1. A process for molding ingots of ferro-alloys at a high casting rate, and extending the life of the mold material, comprising the steps of:

(a) forming an ingot mold by juxtaposing in sealed relationship two mold halves of copper of high thermal conductivity, having a thermal conductivity of at least 400 W/mK, at least one of said halves comprising a plurality of impressions of ingots to be molded, each said impression communicating with its adjacent impression in series by means of a duct, said series of impressions opening at the upper part of the ingot mold by means of at least one in-gate, and opening to the atmosphere after the final impression in series;

(b) establishing a cooling circuit in each mold half by circulation of a heat exchange fluid sufficient to maintain the high thermal conductivity copper of the ingot mold at all points at a temperature which substantially does not exceed 200° C.;

(c) pouring a liquid ferro-alloy into the in-gate until the ingot mold is filled, the mass of the copper forming said mold being at least about 6 times the mass of said liquid ferro-alloy;

(d) allowing said liquid ferro-alloy to solidify and cool to a temperature which is about 200° C. to about 300° C. below its solidus point; and

(e) immediately separating said mold halves to effect removal of the solidified, cooled ferro-alloy at the temperature of step (c) in the form of ingots.

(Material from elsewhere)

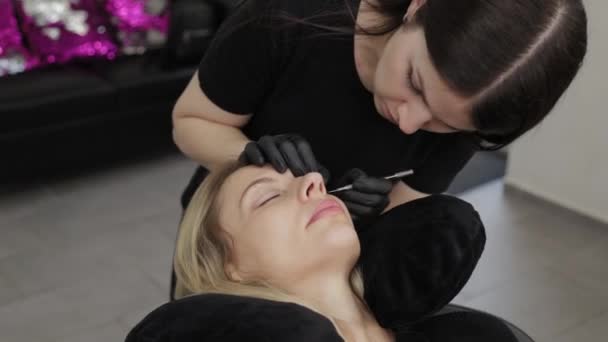 Un cosmetician profesionist într-un salon de înfrumusețare efectuează procedura de laminare a genelor . — Videoclip de stoc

2. Apparatus for molding ingots of ferro-alloys, said apparatus being adapted for high casting rate and long operating life, comprising:

(a) an ingot mold of high thermal conductivity copper, having a thermal conductivity of at least 400 W/mK, and comprising two mold halves, at least one of said halves comprising a plurality of impressions of ingots to be molded, each impression communicating with its adjacent impression in series, at least one duct for forming said communication, an in-gate opening into said impressions from the upper part of said mold half and an opening from said impression to the atmosphere after the last impression in series, said mold having a mass which is at least about 6 times the mass of the ferro-alloy intended for casting in the mold;

(b) highly efficient means for cooling each mold half by means of a heat exchange fluid, said means being sufficient for maintaining the temperature of said high thermal conductivity copper no more than about 200° C. at all points of the mold;

(c) means for bringing the two mold halves into contact in sealing relationship;

(d) means for moving the two mold halves apart for rapid extraction of molded ingots; and

(e) means for guiding the mold halves in their movement away from each other and in their movement for bringing them into sealing relationship.

3. Apparatus according to claim 2 characterised in that the two mould halves (2) comprise symmetrical impressions or cavities (10).

4. Apparatus according to claim 2 characterised in that the two mould halves comprise asymmetric impressions or cavities (10A).

5. Apparatus according to claim 2 characterised in that one at least of the mould halves comprises raised moulding portions (14).

6. Apparatus according to claim 2 characterised in that it further comprises a cooled means (17) for introducing the liquid ferro-alloy into the ingate.

7. Apparatus according to claim 2 characterised in that it is made of electrolytic copper, in accordance with the standard 1SO Cu-EPT, having a thermal conductivity of between 400 and 412 W/mK.

8. Apparatus according to claim 2 characterised in that the cooling means is formed by internal ducts (5) in the mould halves.

9. Apparatus according to claim 2 characterised in that the cooling means is formed by tubes (6) which are welded over their entire length to the external face or faces of the mould halves.

10. Apparatus according to claim 2 wherein the ratio of the mass of copper forming the ingot mould to the mass of ferro-alloy cast is from 10 to 25.